I have found the following from my teacher, Mary O, to be spot on about my time here, "It is so very rich, complex, scary, wonderful—all those things, all the time".
November started with a large influx of new students and a handful of us continuing on from October. Overall it is a much larger group than last month. It was jarring at first as we had to adjust to less room in the practice hall (mat to mat) and having to wait for a favorite prop. My students have probably heard me say more than once when we are cramped for space at the rope wall, for instance, that it still does not compare to India. Overall, it seems the experience level of the students is more mixed this month. In the first Friday pranayama, Geetaji had to go way back to basics--how to sit in Swastikasana. There was frustration on her part (we have heard her say "You are killing me! I am coming to the end of my life. All the time I have to teach over again what you should know"). But she worked with a great deal of compassion with the students she was helping. The results were exquisite, so much space achieved in the chest so there was some chance that some breath could reach there in the pranayama. I have also seen Geetaji work with the Indian teachers on these occasions almost with a sense of urgency to get them trained with what she knows. She cares very much about them.

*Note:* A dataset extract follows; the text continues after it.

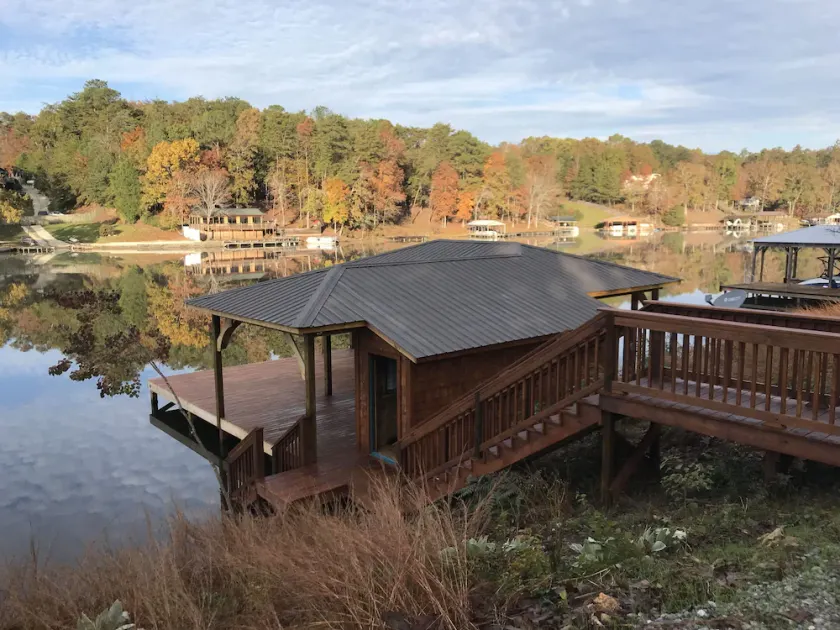 Lake Tuscaloosa Home with an amazing dock!!! - Image 1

As the time for my departure nears, I am both excited to return to my family and already nostalgic about my time here. Yes, I have been told about the snow that already came to Morgantown. For some reason my husband was not very sympathetic when I said it had gotten colder here too. I actually have to wear long sleeves for my morning walk to the Institute! Our shared experiences will always connect me to the wide variety of students from around the world that I have met here. It has become comical when Abhi inevitably shouts out during class "RUSSIA! Where are the Russian students?" She wants them to be near each other so they can help translate for each other since many do not understand English well. Sweden, Germany, China, Hong Kong, New Zealand, Australia, Israel, Canada, U.K., Scotland, Ireland, Indonesia, Italy, Colorado, South Carolina, New York, California, New Mexico, Maryland, Pennsylvania, Hawaii are all represented.There are also the many friendly "locals" that have enriched our stay; the smiling guard at the Institute gate who has learned our names, the also always smiling lady who sells vegetables to us and fed us in her home, the rickshaw driver who brings me the best yogurt I have ever tasted so I don't have to bounce in the rickshaw to the store, the happy children who wave and shout hello to this tall white woman on my walk to the Institute, the "coconut man" who prepares my refreshing post-yoga coconut milk (watch out for the machete!).